Nevertheless, the affective AI can be tremendously helpful to individuals as proposed in [3], [4] and [8], providing tools and experiences focused in facilitate our lives and interaction with the world. We can better stimulate our creative processes and help ourselves to take out parasite biases that affect our cognition, beliefs and decisions. Finally, as a natural consequence, we will be creating a better and collaborative environment to our species improving our experience with technology, social interaction and cognition process.

References

[1] Hugo Mercier and Dan Sperber, The Enigma of Reason. Penguin, 2017.

[2] Daniel Kahneman, Thinking Fast and Slow. Farrar Straus Giroux, 2013.

[3] Rosalind W. Picard, Affective Computing. MIT Press, 1997

[4] Stuart Russell and Peter Norvig, Artificial Intelligence: A Modern Approach. Pearson, 2020.

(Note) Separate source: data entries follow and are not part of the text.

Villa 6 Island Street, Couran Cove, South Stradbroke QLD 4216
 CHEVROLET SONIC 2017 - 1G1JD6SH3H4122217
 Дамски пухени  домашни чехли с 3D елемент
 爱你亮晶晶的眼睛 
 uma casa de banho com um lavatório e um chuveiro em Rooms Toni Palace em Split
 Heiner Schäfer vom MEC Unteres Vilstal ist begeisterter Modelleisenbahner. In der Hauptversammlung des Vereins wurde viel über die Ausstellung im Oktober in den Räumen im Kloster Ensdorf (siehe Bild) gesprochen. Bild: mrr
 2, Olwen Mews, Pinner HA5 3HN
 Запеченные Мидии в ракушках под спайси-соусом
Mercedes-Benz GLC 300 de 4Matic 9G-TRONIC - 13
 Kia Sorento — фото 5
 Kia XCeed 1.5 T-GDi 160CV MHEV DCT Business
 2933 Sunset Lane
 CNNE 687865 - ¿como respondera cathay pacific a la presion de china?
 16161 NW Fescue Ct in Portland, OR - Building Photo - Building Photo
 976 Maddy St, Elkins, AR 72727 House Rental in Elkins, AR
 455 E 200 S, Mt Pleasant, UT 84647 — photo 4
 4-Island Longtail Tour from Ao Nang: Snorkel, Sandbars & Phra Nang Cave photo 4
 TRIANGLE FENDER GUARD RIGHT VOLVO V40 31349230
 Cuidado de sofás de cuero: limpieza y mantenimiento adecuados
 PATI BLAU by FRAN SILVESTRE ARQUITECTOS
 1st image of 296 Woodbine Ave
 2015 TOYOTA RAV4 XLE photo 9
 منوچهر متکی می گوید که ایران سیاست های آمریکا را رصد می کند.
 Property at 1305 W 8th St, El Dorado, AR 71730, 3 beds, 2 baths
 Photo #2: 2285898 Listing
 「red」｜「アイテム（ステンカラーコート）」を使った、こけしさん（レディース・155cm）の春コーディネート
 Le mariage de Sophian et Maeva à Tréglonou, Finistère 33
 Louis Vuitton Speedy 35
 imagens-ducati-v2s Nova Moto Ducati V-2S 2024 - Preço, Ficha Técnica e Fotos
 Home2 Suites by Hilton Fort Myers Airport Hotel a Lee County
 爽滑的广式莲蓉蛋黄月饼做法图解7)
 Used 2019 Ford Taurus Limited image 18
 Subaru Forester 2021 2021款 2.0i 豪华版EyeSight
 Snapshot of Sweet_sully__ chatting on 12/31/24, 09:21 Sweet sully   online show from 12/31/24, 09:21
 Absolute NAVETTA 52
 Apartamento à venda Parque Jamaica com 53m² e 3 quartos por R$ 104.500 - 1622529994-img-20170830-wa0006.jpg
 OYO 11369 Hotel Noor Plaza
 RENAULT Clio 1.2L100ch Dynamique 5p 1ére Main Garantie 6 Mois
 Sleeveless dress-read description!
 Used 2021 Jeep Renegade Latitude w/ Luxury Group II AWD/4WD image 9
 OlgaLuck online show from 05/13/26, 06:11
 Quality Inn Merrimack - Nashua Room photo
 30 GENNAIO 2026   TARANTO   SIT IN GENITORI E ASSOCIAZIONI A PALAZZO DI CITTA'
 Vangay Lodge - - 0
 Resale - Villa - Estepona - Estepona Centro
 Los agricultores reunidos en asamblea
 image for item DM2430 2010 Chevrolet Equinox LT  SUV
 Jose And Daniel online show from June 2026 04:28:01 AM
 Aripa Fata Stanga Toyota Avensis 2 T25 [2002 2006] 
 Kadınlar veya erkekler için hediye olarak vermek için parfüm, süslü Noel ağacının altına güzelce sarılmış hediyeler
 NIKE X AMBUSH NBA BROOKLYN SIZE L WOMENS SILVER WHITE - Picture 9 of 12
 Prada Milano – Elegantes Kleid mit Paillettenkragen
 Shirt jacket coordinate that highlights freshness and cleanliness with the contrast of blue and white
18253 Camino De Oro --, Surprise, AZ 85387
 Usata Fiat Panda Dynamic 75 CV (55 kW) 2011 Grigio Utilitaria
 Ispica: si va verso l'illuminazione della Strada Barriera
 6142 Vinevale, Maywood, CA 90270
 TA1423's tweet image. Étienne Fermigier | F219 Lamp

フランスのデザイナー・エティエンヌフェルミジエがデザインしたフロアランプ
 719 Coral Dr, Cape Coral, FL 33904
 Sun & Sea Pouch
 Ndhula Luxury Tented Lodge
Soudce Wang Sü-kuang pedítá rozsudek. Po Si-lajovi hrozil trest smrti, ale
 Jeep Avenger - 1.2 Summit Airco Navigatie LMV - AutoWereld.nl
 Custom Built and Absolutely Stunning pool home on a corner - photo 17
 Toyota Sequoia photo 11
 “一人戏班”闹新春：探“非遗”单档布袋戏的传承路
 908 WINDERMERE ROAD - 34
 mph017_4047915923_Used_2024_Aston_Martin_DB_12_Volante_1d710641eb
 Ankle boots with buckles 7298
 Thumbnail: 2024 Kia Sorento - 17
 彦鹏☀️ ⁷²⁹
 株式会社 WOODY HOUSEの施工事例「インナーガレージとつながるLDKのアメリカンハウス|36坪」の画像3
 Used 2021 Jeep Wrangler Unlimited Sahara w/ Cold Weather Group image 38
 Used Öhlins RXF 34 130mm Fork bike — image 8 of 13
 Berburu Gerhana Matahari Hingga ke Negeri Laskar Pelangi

[5] Neil Sahota, Perfectly Imperfect: Coping With The ‘Flaws’ Of Artificial Intelligence.
Available at: https://www.forbes.com/sites/cognitiveworld/2020/06/15/perfectly-imperfect-coping-with-the-flaws-of-artificial-intelligence-ai.

[6] G. Kern-Isberner, I. Douven and M. Knauff, Reasoning with Imperfect Information and Knowledge. Minds & Machines 27, 7–9 (2017).

[7] Terence Schin, Real-life Examples of Discriminating Artificial Intelligence.
Available at: https://towardsdatascience.com/real-life-examples-of-discriminating-artificial-intelligence-cae395a90070.

[8] Laurence Goasduff, How artificial intelligence is being used to capture, interpret and respond to human emotions and moods.
Available at: https://www.gartner.com/smarterwithgartner/emotion-ai-will-personalize-interactions.­­­­­­

[9] J. S. de Freitas, R. R. Gudwin and J. Queiroz, Emotion in Artificial Intelligence and Artificial Life Research: Facing Problems.